More MS news articles for January 2001

Program Improves Pain Assessment And Documentation

WESTPORT, CT (Reuters Health) Dec 28 - A Pain Monitoring Program that combines nurse education with a standardized daily pain rating scale can improve the documentation and assessment of patient pain, according to researchers in the Netherlands.

These new findings are important, according to Dr. Frits S. A. M. van Dam of Antoni van Leeuwenhoek Hospital in Amsterdam and multicenter colleagues, since "daily monitoring of pain is essential for both diagnostic purposes and for evaluating pain treatment."

The investigators conducted a quasi-experimental study of the Pain Monitoring Program in 703 patients; 345 participated in the intervention and the remainder were in a control group. They examined the effects of the program on communication, assessment, and documentation of patient pain for 1 month.

Overall poor results on each of the indicators were observed in the control group, Dr. van Dam and others write in the December issue of the Journal of Pain and Symptom Management. Only 30% of control patients recalled a nurse or physician talking with them about their pain. In addition, fewer than half of the nurses in the control group correctly assessed their patients' pain.

The Pain Monitoring Program effectively improved all aspects of pain management studied, with the exception of communication about pain. Nurses involved in the intervention improved in their ability to assess pain correctly--more than two thirds could do so after the first month--and documented significantly more aspects of patients' pain, including intensity, location, duration and "things that increase and decrease pain."
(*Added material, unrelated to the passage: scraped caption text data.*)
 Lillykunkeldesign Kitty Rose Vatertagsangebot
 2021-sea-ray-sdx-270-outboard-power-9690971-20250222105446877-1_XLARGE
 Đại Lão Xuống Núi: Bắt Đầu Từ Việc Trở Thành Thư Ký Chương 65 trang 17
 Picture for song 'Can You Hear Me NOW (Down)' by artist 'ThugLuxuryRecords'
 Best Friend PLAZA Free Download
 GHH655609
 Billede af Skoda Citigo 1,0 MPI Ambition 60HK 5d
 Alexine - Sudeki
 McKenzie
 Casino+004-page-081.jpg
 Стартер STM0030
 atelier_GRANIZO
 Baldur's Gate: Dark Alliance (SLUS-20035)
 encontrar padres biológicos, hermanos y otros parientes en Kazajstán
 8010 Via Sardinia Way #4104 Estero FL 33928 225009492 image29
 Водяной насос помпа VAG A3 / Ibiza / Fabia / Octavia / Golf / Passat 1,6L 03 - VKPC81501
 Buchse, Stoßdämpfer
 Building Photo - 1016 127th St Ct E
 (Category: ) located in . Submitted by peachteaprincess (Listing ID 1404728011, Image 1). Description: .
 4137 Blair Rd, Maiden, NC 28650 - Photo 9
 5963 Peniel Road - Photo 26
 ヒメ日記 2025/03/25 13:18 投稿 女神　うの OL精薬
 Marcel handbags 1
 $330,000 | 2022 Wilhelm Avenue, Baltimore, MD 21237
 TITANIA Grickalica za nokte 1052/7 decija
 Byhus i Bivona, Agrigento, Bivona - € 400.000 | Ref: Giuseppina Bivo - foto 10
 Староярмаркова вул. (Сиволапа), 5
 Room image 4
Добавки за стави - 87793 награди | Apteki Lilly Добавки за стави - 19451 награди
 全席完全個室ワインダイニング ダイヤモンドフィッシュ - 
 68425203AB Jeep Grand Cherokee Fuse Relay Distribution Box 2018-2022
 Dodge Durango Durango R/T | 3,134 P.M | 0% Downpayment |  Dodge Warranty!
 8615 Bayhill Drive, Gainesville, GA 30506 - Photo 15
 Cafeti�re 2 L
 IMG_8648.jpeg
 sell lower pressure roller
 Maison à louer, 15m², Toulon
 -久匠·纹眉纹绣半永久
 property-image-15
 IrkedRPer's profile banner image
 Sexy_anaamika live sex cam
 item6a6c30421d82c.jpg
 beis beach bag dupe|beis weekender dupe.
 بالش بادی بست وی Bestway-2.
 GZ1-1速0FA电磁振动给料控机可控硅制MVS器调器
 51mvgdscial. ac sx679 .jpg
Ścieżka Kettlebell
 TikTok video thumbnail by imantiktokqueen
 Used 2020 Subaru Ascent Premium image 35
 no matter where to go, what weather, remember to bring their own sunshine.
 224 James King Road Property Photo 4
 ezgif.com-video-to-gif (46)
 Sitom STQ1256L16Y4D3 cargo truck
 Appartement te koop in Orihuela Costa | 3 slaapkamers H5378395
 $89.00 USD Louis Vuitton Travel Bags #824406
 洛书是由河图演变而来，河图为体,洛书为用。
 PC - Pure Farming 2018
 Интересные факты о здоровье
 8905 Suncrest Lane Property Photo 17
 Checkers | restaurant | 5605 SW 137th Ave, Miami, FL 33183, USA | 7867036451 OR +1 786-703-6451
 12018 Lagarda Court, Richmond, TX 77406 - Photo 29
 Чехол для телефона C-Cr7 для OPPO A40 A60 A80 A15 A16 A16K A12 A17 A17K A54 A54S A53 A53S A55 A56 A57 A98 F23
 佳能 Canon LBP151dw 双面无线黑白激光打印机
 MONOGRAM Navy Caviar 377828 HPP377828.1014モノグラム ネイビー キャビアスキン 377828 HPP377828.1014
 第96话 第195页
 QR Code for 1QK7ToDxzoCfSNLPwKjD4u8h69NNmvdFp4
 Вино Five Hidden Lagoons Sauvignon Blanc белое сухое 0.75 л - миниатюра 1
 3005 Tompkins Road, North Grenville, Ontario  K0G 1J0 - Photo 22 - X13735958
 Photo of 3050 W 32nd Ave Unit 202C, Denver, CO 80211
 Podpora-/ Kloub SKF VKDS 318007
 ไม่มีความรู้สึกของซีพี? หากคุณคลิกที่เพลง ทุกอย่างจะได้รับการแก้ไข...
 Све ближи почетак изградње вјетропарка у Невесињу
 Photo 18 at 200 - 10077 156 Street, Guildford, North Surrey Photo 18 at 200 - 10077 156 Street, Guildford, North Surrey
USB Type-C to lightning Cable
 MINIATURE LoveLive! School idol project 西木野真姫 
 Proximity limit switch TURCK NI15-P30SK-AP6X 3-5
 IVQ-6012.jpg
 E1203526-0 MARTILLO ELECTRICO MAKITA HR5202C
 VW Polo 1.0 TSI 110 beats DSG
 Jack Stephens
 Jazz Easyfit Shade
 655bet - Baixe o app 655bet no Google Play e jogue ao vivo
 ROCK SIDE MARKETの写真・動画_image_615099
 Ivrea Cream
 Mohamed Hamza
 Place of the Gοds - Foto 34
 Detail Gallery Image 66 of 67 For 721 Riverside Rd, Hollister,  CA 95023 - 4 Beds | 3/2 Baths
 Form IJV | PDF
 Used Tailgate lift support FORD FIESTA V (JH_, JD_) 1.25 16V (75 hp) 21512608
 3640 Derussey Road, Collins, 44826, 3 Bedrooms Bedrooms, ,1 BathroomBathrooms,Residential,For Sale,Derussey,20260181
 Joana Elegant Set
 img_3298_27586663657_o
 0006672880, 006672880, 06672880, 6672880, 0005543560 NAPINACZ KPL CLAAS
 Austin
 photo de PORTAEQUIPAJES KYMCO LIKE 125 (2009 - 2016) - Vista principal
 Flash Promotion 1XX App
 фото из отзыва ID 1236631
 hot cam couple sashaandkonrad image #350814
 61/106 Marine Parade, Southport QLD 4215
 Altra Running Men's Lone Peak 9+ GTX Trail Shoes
However, the program did not have a significant effect, overall, on communication between patients and their physicians or nurses about pain, even though only 12.2% of patients in this group were monitored less than 50% of the time. The authors speculate that the assessment of pain by asking a pain score is not considered to be 'communication' by some patients.

However, communication about pain did improve with the program in the subgroup of patients with moderate to severe pain, the Dutch researchers report. "This is an important result, because for patients with moderate to severe pain, effective pain management is particularly important," they note.

Given these results, along with the heterogeneous population studied, Dr. van Dam and colleagues recommend that the Pain Monitoring Program be implemented by nurses in other locations.

J Pain Symptom Manage 2000;20:424-439.